|Possibly not the pub of the future|
For the other 99% of the population, convincing them of the value of face-to-face conversation as opposed to social media may be difficult. Go into any pub outside the "rammed" times of Friday and Saturday night, and you'll see pretty much every customer (and staff member) fiddling about with a device of some description. I'm writing this in my local, and it's what I see in front of me now. In fact, not being glued to a phone is probably grounds for service refusal these days, as you may be too drunk to focus on a screen.
In most situations, trying to separate people from their oh-so-essential social media is doomed to failure. Despite the predictable protestations to the contrary, people actually prefer dealing with others through the Internet than the risky and messy "traditional" methods. Not only can they edit what they say before saying it, but it gives much more opportunity for grandstanding narcissism which most people are, sadly, prone to.

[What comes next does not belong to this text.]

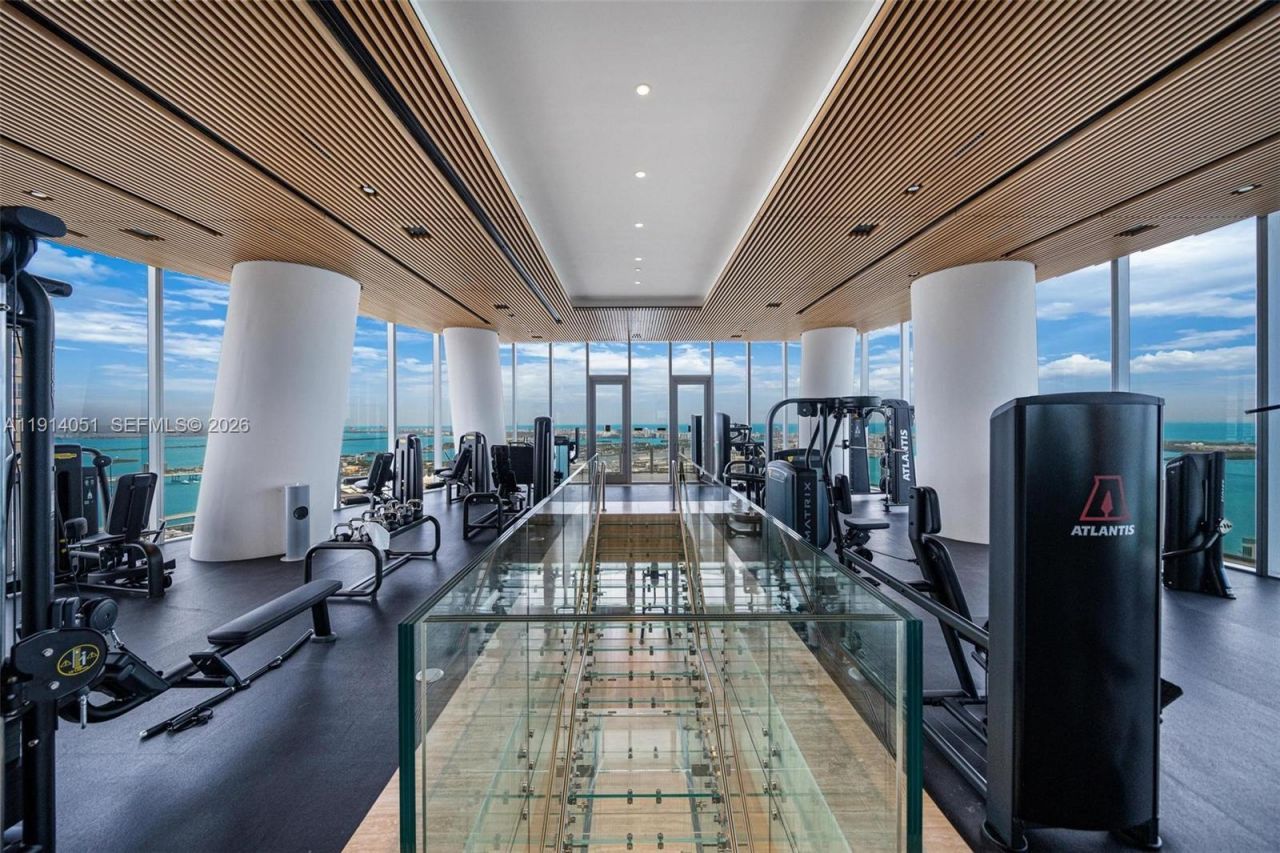 300 Biscayne Boulevard Way, Unit 3506W, Miami, FL 33131 Photo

As someone writing this on a tablet in a pub, I'm aware of the irony. But, unlike most, I have no problems admitting I'm a miserable, misanthropic bastard who prefers to deal with others at a distance. I assume most people don't think of themselves this way, despite the vast amount of opposing evidence.
So, despite the alleged success of Mr. Tyler's Faraday-caged bar, perhaps the modern licensee with an eye to continued trading would be best advised to work with social trends rather than against them. It may work for the odd place, but for most it'll be doomed to failure.
We've now reached the point Ian MacDonald predicted 20 years ago, a "multifocused and fragmented techno-decadence into which the First World is currently sinking as if into a babbling, twinkling, metronomically pulsing quicksand."
MacDonald indicated what he thought of this by committing suicide in 2003. But the rest of us have to accommodate it and move on.